At the outbreak of war, Germans living in Britain – aristocrats, waiters and bakers among them – found themselves in sudden peril. Many had settled years before. But as Germanophobia consumed the country, men aged 17 to 55 were considered to be potential spies. Deporting them risked boosting the enemy ranks, so it was decided they should be locked up, inside Britain, for the duration of the war. Tens of thousands of men were registered. But where to keep them?

Alexandra Palace in north London became a holding camp for up to 3,000 “aliens”. They slept in rows on plank beds as their families survived outside, in increasingly hostile communities and with drastically reduced incomes. Other camps opened across Britain, swelling significantly in the anti-German backlash that followed the sinking of the Lusitania cruise liner in May 1915. By then the government had identified the Isle of Man as the perfect site for a larger, more secluded facility.

Knockaloe was by far the biggest internment camp in the British Isles. A village of 100 people became a complex of wooden sheds, housing 25,000 internees, significantly boosting the island’s existing population of about 40,000. By September 1915, the camp had grown so large that a railway line was opened along what is now the road out of Patrick. An engine shed is the only surviving structure of what was in effect a town with borders of barbed wire. On the rare occasion men escaped the camp, they never escaped the island.
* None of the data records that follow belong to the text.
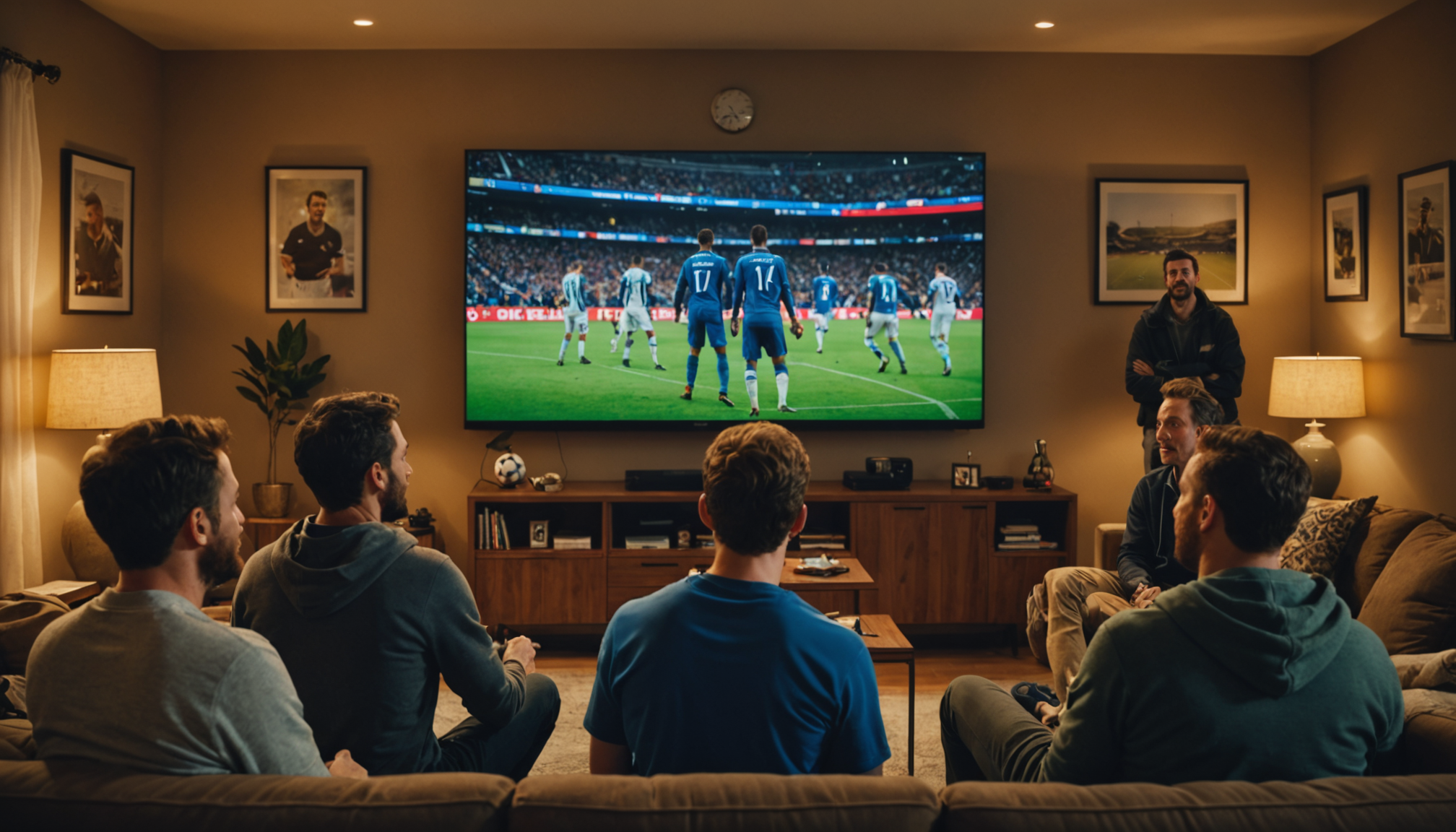 Illustration : nérés à la mi-temps et au coup de — coupe du monde : comment suivre les scores en temps réel sans rien manquer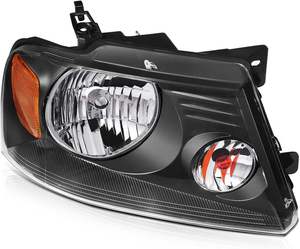 Faro Delantero para F150 2004-2008, Lámpara de 70W 12V Remanufacturada, <span class=keywords><strong>Reemplazo</strong></span> <span class=keywords><strong>LED</strong></span>/Halógeno para Reparación - Product Image 4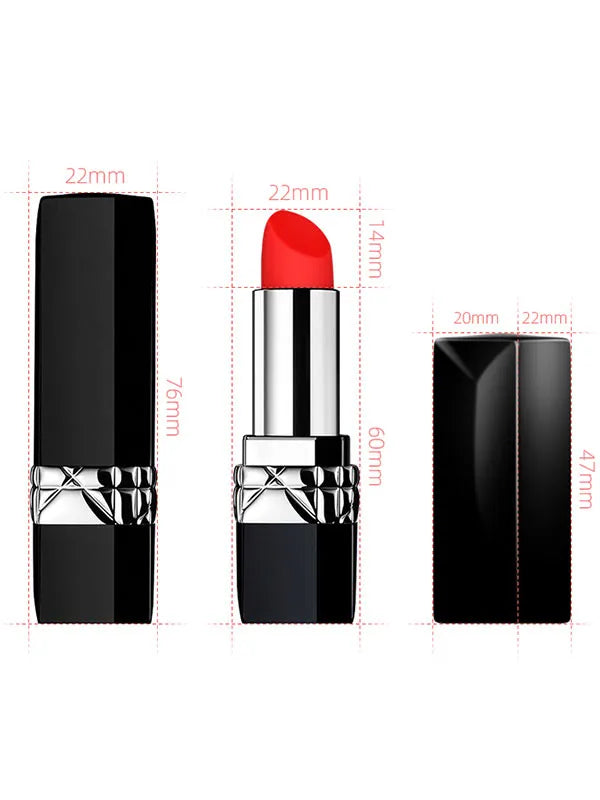 Lipstick Şarjlı Ruj Vibratör - MW01-2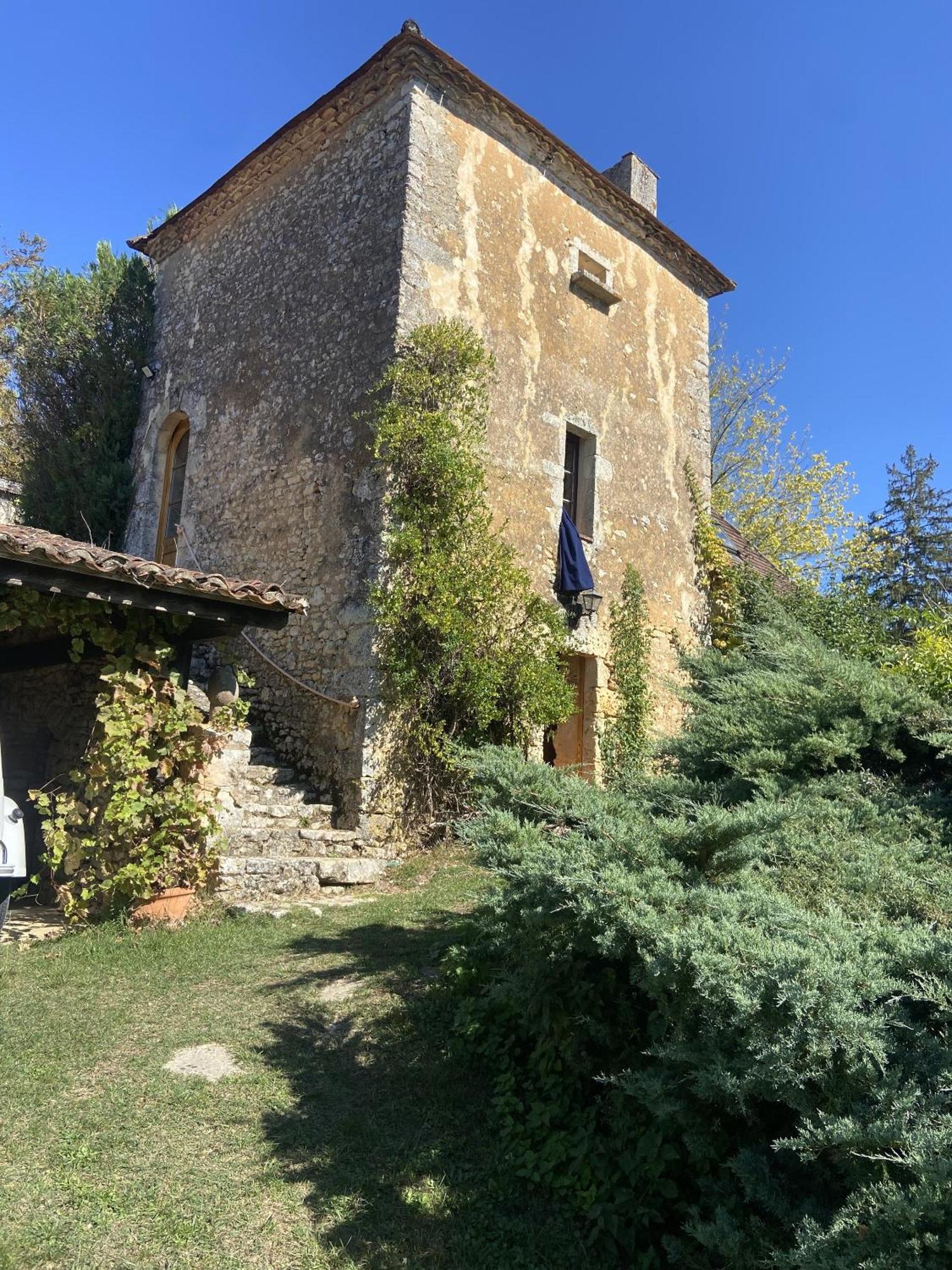 Villa Le Manoir De St Marcel à Saint-Marcel-du-Périgord Extérieur photo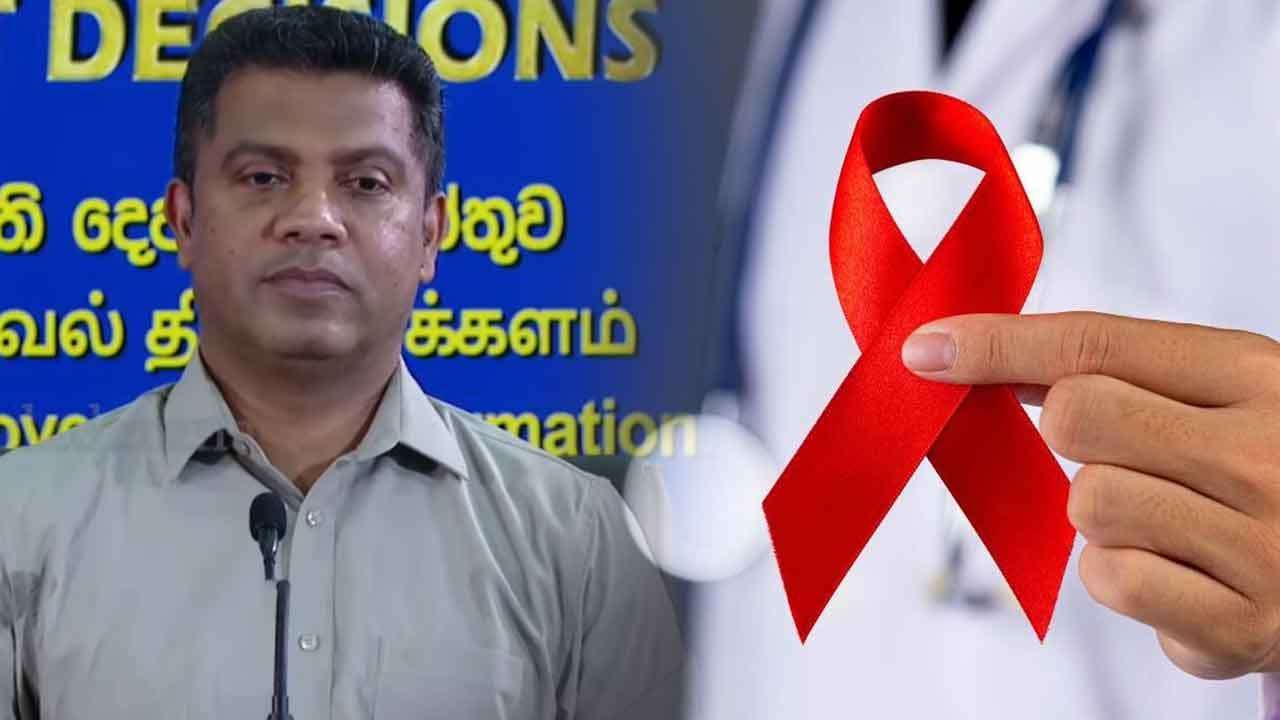 මත්ද්‍රව්‍ය භාවිත කරන්නන් අතර HIV වෛරසය පැතිරීම ඉහළට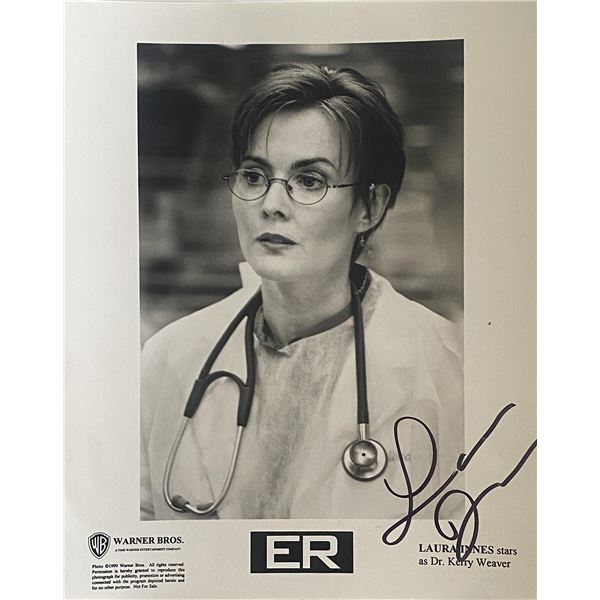 ER Laura Innes signed photo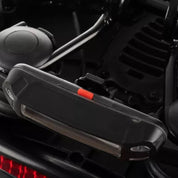 Cykelsadel med LED-lampa & Ventilation - Sadel för cykel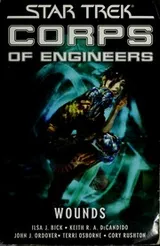 Cover of Star Trek Corps of Engineers - Wounds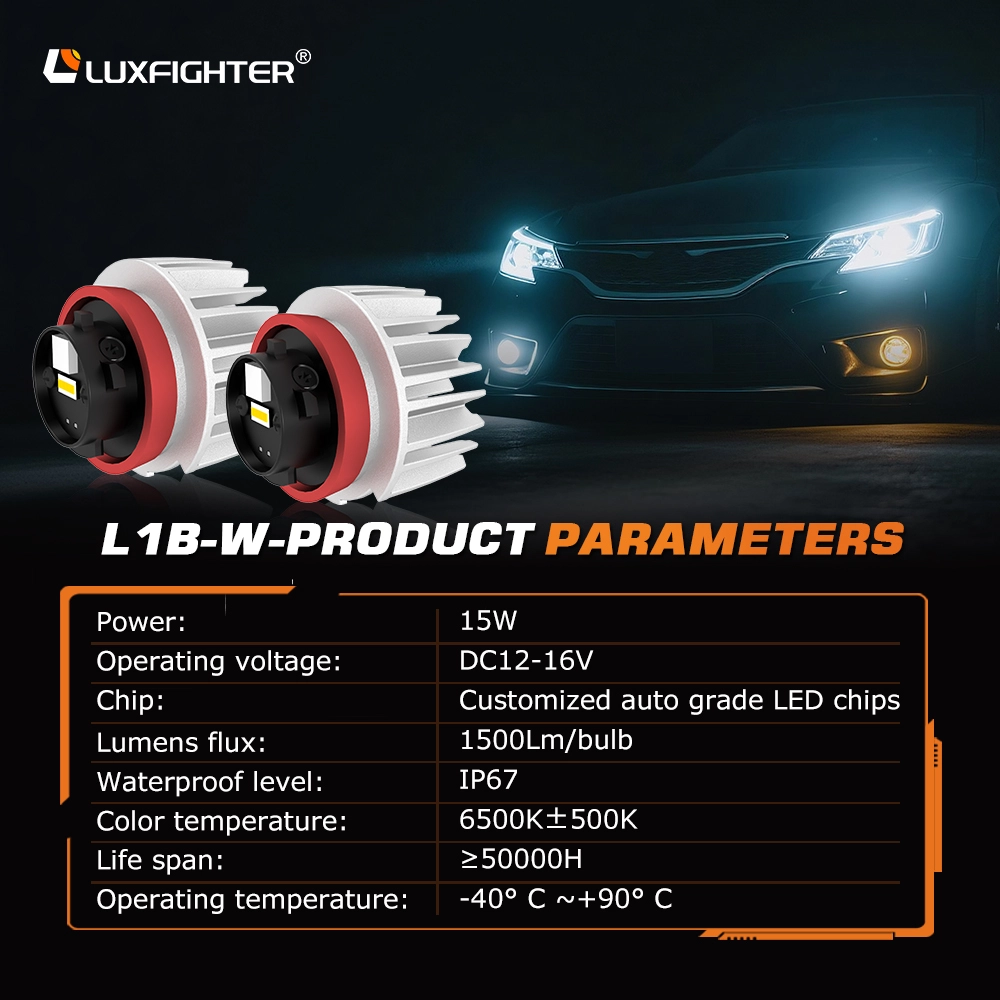 L1b Fanless Fog Lights L1b Fanless Fog Lights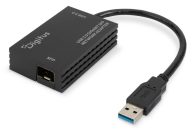 Digitus USB 3.0 Gigabit SFP network adapter Black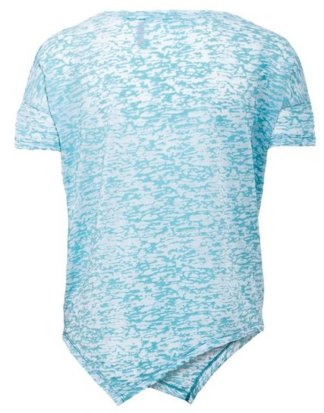 Way of Glory T-Shirt in Burn out Qualität mit Print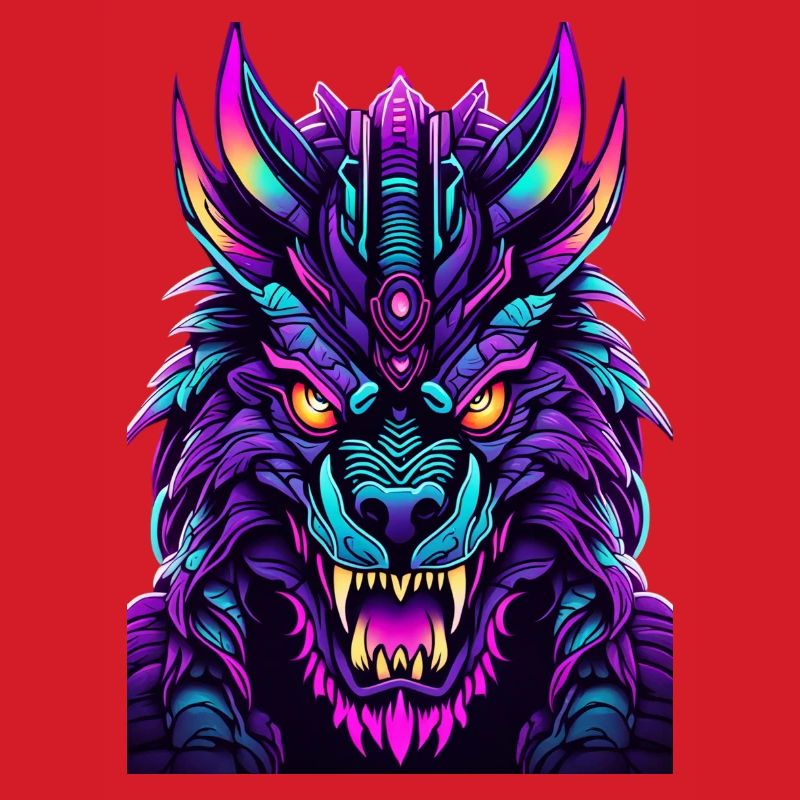 Neon Wolfsgeist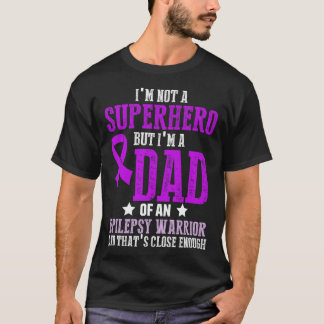 T-shirt Sensibilisation à l'épilepsie Guerrier épileptique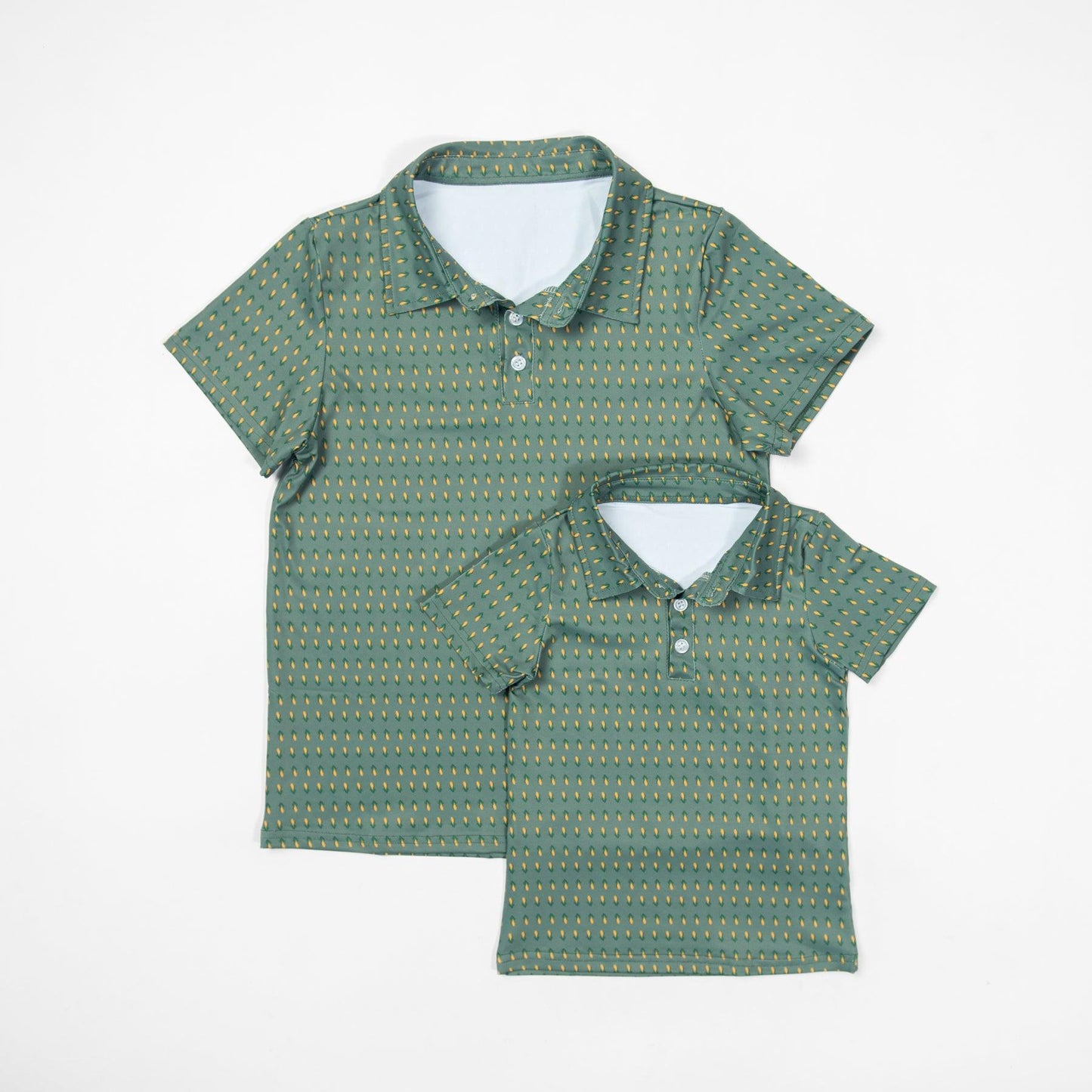 Retro Corn Baby/Youth Performance Polo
The railway line running the length of the access road into Knockaloe, the biggest camp in the British Isles
The railway line running the length of the access road into Knockaloe, the biggest camp in the British Isles


Meanwhile, in Douglas, the island’s capital, a tented holiday camp had become an early prison for up to 5,000 internees. The railway proved useful for transferring most of them to Knockaloe. But wealthier “aliens” travelled in the opposite direction. “Knockaloe covered a cross-section of society, from aristocrats to the working class,” explains Matthew Richardson, a curator at Manx National Heritage, which has a museum in Douglas. “At Douglas they opened a ‘privilege camp’ where those with money could pay to live in luxury, employing other internees as servants.”

Priority was given to keeping men occupied. They tended kitchen gardens, while artists used what materials they could gather (Leece Museum in the city of Peel has a collection of left-over beef bones ornately carved to create vases). Others weaved baskets. George Kenner was a German artist who had moved to London in 1910. While interned at Knockaloe, he painted more than 100 scenes of camp life, unwittingly becoming a crucial historian of the time.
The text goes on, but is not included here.